Every single one of them cherishes the idea of a dynasty modeled around the Saraki political dynasty. However, this looks like a good political opening gambit for the Chief Servant, but believe me when I say this is a difficult political gift to wrap. The Chief Servant, just like Abdulkadir Kure, does not have the luxury of time and the political latitude to engage himself in such a political claptrap. He, like Abdulkadir Kure, would force losers after the gubernatorial primary election underground. If this happens, they aren’t likely to resign to their fate- they will fight back. This may include protest votes in the form of anti-party activities.
Now to the final piece of the political jigsaw-the opposition APC. Sadly to note that in spite of the manifest and inherent weakness of the ruling party, which should serve as a political capital for opposition APC, this may not be the case. APC has weak command structure in Niger State.

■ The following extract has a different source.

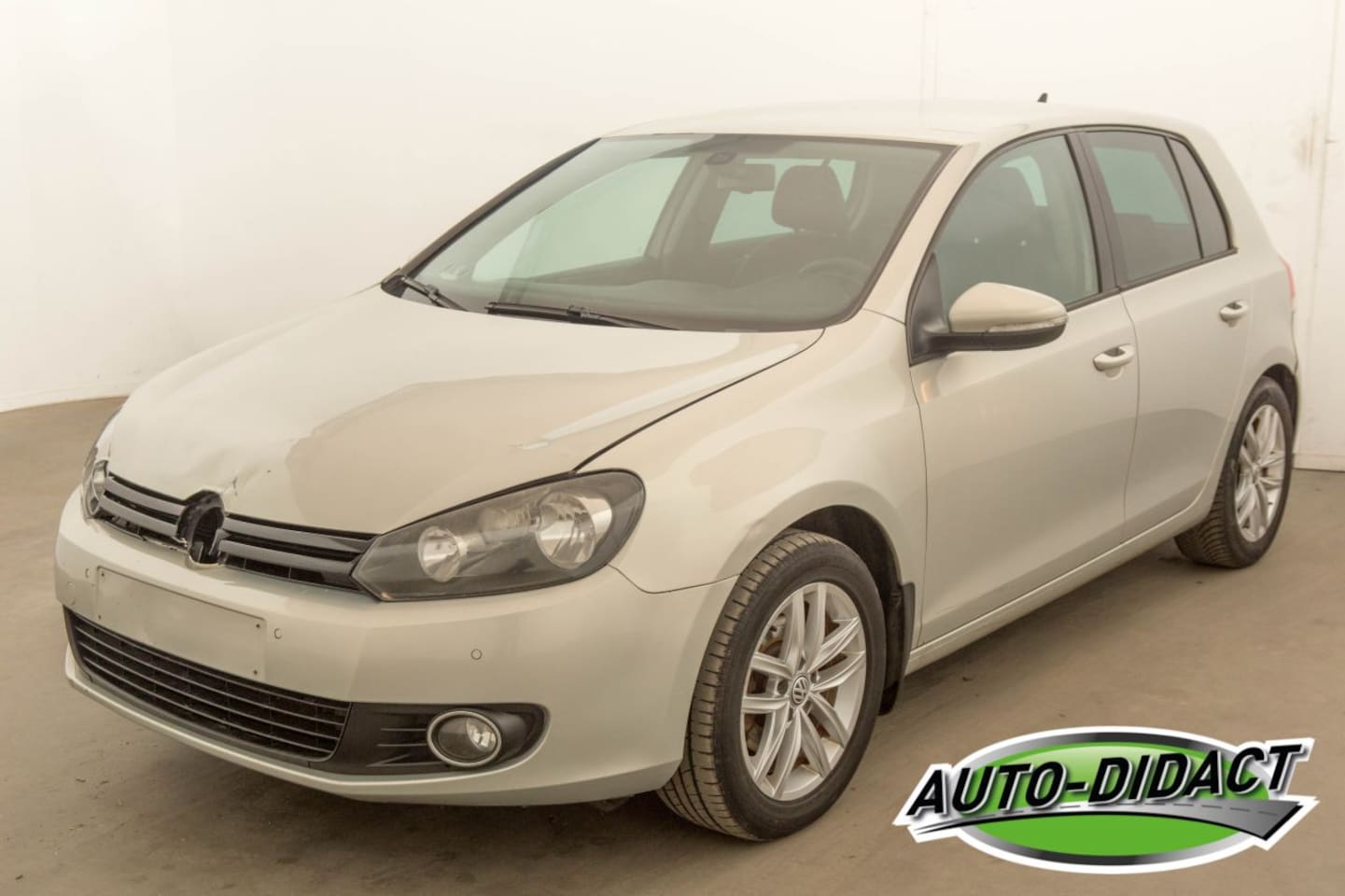 Volkswagen Golf - 1.6 TDI Automaat - AutoWereld.nl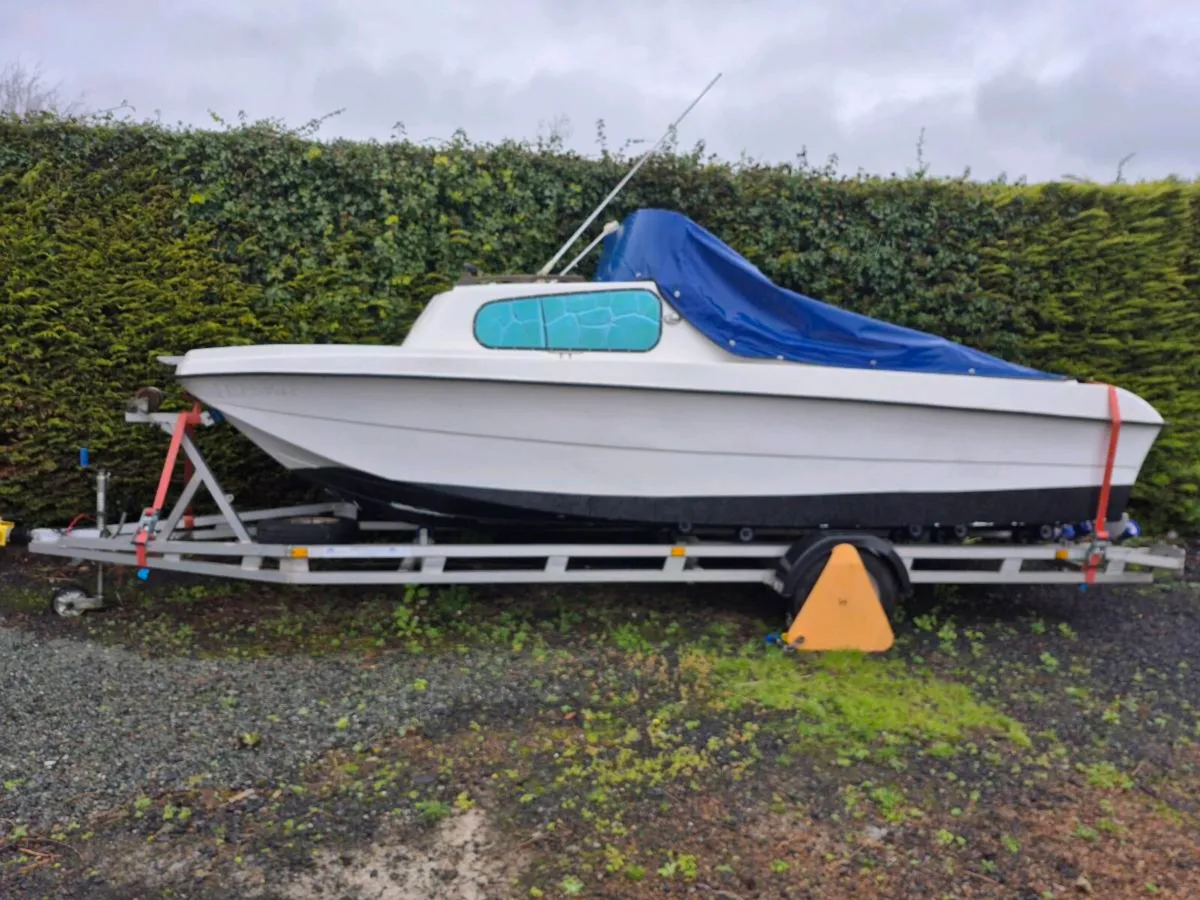 Task force 18 boat - Image 2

Though, it is instructive to note that the opposition APC has a senator and about three federal representatives across the three zones. I must say the party has a weak political structure.
The distribution of political power even though through elective process is disproportionately skewed against people outside Kontagora. This is almost making APC an unviable vehicle through which the PDP could be rooted out. If the opposition APC is serious about clinching power in the State, a new formula has to be drafted. The opposition APC in Zone C, which is expected to produce the next governor, must go back to the drawing table.
On a final note, if there is a silver lining to the Chief Servant’s maneuvers is that, it has touched off the process for the demise of the undemocratic zoning process, if not in the next gubernatorial election perhaps the gubernatorial election after next.